WHAT THE TASK REQUIRES
Where a line in the records below includes "Jacket", pull that line out.

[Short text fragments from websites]
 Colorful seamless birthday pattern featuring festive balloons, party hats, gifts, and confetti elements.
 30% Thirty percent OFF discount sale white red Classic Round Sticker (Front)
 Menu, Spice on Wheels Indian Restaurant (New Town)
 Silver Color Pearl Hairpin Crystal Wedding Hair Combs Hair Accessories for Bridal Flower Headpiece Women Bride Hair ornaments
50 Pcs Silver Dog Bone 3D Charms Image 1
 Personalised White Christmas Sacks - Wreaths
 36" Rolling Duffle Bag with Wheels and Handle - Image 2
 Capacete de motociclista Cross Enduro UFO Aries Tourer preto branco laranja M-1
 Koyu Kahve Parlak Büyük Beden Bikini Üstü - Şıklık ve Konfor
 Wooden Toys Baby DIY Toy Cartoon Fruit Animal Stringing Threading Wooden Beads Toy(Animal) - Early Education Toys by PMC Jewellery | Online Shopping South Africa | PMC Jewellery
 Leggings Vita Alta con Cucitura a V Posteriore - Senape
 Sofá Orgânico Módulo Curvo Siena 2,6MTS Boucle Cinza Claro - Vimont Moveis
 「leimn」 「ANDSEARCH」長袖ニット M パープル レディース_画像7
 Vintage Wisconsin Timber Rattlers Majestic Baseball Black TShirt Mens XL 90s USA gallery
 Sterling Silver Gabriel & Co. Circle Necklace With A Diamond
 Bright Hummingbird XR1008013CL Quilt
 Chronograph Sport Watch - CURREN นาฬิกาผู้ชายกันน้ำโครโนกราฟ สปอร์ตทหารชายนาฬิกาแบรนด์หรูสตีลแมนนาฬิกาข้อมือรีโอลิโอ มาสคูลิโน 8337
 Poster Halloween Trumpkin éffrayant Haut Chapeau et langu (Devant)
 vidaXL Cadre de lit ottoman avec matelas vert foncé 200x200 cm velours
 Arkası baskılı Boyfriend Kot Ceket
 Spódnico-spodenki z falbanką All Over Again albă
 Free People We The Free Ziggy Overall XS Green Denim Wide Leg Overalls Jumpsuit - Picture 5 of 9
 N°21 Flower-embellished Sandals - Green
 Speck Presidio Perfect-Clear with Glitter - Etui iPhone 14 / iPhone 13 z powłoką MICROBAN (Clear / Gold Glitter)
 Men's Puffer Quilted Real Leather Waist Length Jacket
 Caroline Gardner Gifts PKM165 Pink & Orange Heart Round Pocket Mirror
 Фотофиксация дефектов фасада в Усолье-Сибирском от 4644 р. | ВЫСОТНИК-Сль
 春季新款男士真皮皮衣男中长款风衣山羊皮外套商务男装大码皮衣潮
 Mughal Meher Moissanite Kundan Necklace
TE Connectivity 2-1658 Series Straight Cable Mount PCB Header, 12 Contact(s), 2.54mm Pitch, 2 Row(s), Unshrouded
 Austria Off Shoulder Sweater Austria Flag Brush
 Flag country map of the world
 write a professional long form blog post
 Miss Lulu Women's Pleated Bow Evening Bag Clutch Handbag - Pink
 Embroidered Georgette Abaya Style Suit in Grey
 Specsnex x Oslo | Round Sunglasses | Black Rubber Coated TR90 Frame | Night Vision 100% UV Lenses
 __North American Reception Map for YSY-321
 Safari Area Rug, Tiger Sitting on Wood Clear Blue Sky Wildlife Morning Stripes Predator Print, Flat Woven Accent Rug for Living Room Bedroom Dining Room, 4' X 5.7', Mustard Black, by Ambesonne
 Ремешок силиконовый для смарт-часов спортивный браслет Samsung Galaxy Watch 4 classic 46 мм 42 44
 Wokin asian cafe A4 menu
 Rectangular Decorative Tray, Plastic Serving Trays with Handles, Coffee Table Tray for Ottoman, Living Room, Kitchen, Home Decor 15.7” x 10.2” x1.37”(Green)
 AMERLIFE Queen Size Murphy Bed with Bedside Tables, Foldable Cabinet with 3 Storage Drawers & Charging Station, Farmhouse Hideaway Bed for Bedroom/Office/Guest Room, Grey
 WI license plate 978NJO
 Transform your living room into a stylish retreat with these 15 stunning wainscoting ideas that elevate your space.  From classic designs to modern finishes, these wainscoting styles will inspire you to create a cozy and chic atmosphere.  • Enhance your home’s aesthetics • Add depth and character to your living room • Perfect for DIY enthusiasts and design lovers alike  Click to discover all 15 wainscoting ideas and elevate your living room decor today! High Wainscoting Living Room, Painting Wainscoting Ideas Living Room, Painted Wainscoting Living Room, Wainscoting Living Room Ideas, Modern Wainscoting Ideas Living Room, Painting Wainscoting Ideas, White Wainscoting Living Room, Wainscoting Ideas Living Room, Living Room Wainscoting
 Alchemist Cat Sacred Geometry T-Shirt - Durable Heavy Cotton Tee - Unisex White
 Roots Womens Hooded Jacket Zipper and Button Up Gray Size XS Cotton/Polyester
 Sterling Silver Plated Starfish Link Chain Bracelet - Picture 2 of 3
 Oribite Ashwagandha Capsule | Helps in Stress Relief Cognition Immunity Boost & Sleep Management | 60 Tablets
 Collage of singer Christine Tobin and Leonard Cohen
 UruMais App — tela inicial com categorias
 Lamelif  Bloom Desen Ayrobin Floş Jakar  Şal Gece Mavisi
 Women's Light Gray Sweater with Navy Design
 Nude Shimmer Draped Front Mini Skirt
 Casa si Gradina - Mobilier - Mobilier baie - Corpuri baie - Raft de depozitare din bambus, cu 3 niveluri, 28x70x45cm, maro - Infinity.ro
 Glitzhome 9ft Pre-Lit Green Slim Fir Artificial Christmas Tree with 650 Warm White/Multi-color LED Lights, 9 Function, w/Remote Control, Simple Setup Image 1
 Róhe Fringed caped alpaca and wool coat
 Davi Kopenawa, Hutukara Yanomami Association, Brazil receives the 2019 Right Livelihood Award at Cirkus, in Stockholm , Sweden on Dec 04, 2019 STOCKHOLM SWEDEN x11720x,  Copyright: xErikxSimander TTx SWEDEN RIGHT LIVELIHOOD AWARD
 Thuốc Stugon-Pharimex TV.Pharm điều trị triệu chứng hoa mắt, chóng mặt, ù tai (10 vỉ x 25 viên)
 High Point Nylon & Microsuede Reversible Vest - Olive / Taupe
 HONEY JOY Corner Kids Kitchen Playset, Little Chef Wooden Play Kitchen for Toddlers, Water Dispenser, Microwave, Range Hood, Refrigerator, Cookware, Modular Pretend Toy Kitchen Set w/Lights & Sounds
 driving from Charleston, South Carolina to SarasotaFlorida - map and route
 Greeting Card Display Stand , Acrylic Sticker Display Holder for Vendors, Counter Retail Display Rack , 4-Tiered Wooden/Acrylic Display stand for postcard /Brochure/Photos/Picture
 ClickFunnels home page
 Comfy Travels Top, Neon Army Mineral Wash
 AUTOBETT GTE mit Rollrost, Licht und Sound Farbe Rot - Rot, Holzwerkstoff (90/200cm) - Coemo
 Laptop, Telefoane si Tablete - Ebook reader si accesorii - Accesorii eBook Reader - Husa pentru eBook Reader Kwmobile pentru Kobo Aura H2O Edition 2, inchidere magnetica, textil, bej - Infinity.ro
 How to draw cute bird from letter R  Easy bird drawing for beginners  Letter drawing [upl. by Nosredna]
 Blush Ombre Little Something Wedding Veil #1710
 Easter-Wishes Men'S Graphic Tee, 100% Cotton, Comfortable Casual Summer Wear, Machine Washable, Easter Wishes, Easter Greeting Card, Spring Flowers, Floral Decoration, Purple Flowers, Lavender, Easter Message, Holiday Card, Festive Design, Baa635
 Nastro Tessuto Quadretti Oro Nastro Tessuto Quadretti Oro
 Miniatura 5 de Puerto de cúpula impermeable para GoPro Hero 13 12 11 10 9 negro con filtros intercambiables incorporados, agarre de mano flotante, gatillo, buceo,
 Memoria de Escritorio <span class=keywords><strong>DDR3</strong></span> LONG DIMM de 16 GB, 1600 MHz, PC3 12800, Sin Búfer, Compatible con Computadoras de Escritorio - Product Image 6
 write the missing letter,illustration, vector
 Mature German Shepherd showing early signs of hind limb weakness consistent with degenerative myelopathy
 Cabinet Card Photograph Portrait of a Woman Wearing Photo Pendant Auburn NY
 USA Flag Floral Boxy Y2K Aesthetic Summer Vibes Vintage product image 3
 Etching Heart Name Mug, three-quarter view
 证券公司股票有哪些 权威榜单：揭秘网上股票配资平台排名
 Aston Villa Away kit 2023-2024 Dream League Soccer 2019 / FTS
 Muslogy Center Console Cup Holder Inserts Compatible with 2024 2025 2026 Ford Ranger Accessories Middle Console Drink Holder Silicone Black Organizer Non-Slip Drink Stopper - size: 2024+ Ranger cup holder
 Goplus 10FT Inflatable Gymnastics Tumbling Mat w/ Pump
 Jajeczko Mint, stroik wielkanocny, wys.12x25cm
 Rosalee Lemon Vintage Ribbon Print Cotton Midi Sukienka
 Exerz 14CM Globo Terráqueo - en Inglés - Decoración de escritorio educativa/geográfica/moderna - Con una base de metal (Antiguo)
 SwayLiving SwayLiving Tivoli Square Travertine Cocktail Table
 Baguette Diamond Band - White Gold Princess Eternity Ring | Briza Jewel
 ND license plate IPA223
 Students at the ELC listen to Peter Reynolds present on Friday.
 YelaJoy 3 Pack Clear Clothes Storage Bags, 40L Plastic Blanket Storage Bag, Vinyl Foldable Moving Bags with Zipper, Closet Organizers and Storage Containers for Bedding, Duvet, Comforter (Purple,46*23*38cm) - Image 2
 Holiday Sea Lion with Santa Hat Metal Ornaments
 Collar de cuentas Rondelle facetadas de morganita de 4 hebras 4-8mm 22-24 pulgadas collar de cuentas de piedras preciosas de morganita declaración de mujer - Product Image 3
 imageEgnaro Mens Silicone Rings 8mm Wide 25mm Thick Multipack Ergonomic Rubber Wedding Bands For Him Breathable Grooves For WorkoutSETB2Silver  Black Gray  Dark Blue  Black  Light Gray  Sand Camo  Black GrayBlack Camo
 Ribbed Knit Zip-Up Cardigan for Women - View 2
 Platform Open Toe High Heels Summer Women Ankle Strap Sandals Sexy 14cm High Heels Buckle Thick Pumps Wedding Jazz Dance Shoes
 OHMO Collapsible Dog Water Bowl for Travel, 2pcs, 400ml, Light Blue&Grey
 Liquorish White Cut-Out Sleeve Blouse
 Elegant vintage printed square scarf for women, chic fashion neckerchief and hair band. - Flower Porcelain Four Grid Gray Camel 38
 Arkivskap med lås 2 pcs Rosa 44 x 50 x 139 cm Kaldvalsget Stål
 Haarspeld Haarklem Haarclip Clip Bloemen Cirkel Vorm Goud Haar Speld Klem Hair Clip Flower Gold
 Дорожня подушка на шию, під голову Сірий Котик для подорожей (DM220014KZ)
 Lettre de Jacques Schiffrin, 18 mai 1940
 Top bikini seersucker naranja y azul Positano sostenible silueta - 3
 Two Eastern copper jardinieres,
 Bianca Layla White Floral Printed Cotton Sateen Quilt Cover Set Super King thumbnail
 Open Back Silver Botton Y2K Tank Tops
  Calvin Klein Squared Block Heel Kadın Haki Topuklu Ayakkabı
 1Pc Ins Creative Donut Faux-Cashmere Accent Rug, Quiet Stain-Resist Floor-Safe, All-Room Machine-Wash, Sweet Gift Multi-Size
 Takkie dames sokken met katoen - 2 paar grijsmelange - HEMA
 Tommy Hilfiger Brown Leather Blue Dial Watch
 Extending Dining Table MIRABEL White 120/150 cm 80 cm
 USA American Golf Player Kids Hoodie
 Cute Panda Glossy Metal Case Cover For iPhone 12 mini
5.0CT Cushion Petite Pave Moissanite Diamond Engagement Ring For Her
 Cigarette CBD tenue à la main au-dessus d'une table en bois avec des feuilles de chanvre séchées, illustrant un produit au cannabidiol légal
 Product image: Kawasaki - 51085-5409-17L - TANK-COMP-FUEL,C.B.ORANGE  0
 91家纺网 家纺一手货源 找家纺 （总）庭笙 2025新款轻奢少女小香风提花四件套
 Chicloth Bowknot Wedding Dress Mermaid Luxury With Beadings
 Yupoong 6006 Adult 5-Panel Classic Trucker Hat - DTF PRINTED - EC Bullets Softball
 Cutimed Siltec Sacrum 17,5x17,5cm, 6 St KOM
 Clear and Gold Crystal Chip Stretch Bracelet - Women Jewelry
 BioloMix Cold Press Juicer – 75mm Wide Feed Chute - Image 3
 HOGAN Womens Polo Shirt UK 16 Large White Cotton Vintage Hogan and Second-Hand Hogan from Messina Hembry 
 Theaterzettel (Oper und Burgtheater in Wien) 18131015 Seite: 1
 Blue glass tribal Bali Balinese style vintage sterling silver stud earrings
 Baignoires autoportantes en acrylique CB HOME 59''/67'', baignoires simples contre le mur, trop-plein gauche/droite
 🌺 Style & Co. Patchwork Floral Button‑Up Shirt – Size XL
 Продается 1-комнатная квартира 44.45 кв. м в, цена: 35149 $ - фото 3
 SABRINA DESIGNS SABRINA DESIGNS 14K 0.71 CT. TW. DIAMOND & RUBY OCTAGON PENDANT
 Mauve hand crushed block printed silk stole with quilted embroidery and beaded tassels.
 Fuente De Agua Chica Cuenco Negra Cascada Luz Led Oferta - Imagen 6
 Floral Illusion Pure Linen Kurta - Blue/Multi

OUTPUT OF THE EXERCISE
 Men's Puffer Quilted Real Leather Waist Length Jacket
 Roots Womens Hooded Jacket Zipper and Button Up Gray Size XS Cotton/Polyester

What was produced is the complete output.